I'm going to take everything that is equal to n. I'm going to substitute it in for the n in this equation.
So now this is going to become m equals 4, and I'm going to use parentheses because my n has multiple terms and I want to make sure that I'm multiplying this 4 by both of these terms. So it's going to be 4 times both 2p and my minus 9. And then I'm going to bring down the rest of my equation, plus 16.
So to simplify this, I'm going to start by using my distributive property and do 4 times 2p and 4 times my negative 9. So this will be m is equal to 8p minus 36 plus 16.
So now I can simplify by combining my two constant terms. Negative 36 plus 16 is going to give me a negative 20. And to bring down the rest of my equation, this would be equal to m. Now I can't actually solve this equation for either m or p because I have more than one variable, but I've simplified it as much as I can. Let's do another example.
So here's my second example.

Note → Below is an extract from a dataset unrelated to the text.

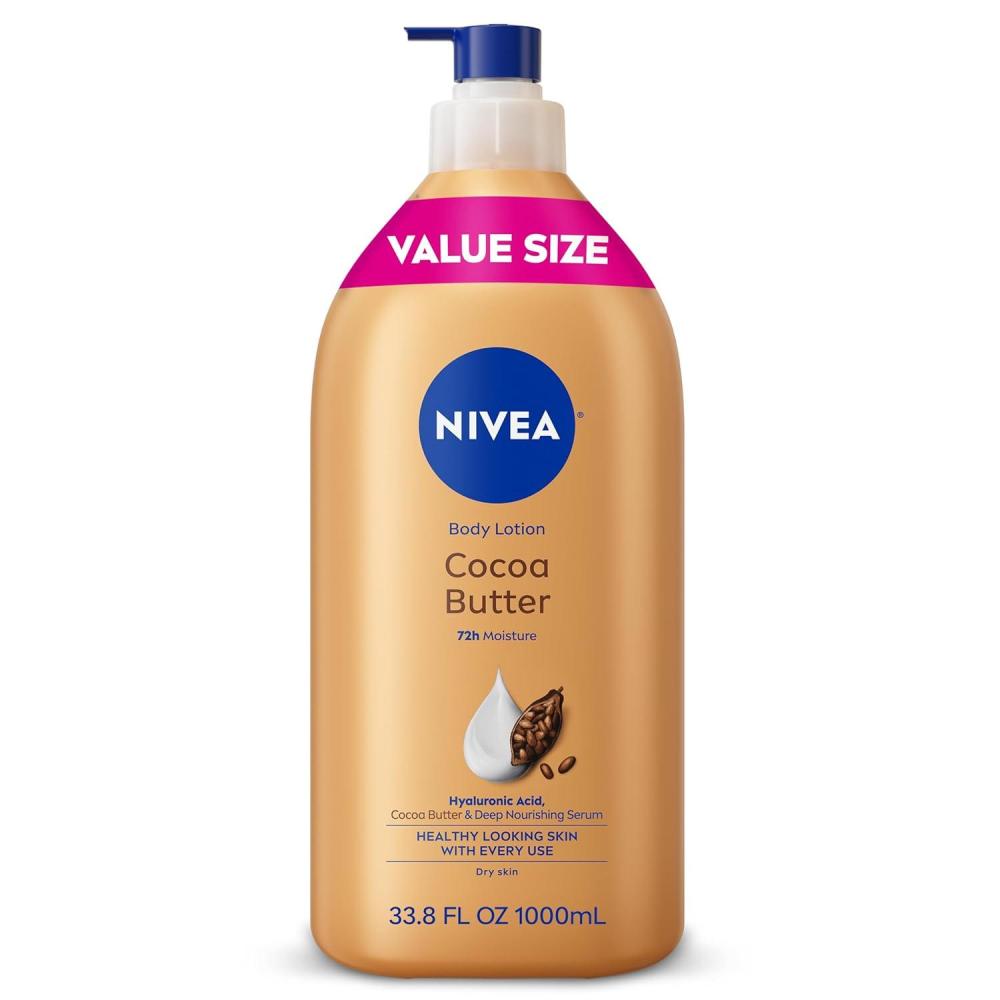 imageNIVEA Cocoa Butter Body Lotion for Dry Skin with Hyaluronic Acid Cocoa Butter and Deep Nourishing Serum 72Hour Body Moisturizer 338 Fl Oz Value Size Pump Bottle338 Fl Oz Pack of 1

I've got 66 is equal to 12x plus 3y and a second equation that tells me y is equal to 4 minus x. So because I again have an expression for what my y variable is equal to, I can go ahead and substitute this expression in for y in my first equation.
So I'm going to take all of this that y is equal to, and I'm going to substitute it in for my y variable in my first equation. So when I simplify that, this equation will become 66 equals 12x plus 3 times-- and again I'm going to use parentheses so I make sure that I multiply this 3 by both terms that is in my expression for y.
So 3 times 4 minus x. Now I can go ahead and solve this equation because I only have one variable to solve for, but I need to start by simplifying.
So I'm going to start by distributing my 3 times 4 and 3 times my negative x. So 3 times 4 is 12. And 3 times negative x would be negative 3x. Bringing down the rest of my equation-- now I can do a little bit more simplifying by combining like terms because I have a 12x and a negative 3x. So combining those together-- 12 minus 3 will give me 9x plus my 12, and I still have 66 on the other side.
So now I can go ahead and solve this equation using the order of operations backwards. So I'm going to start by canceling out the adding operation by subtracting 12 on both sides. And these will cancel out, leaving me with 9x on this side and a 54 on the other side.
And then I just need to cancel out the multiplying by 9 by dividing by 9 on both sides. And this is going to give me 6 is equal to x.
So let's go over our key points from today. As usual, make sure you have these in your notes if you don't already so you can refer to them later.
So we started by looking at the substitution property of equality which said that we can substitute an expression that is equal to some variable into another equation or expression containing that same variable.
And then we saw through our examples that after you substitute you can simplify and/or solve the equation or expression.
So I hope that these notes and examples helped you understand a little bit more about using substitution to solve or simplify multi-step equations. Keep using your notes and keep on practicing, and soon you'll be a pro. Thanks for watching.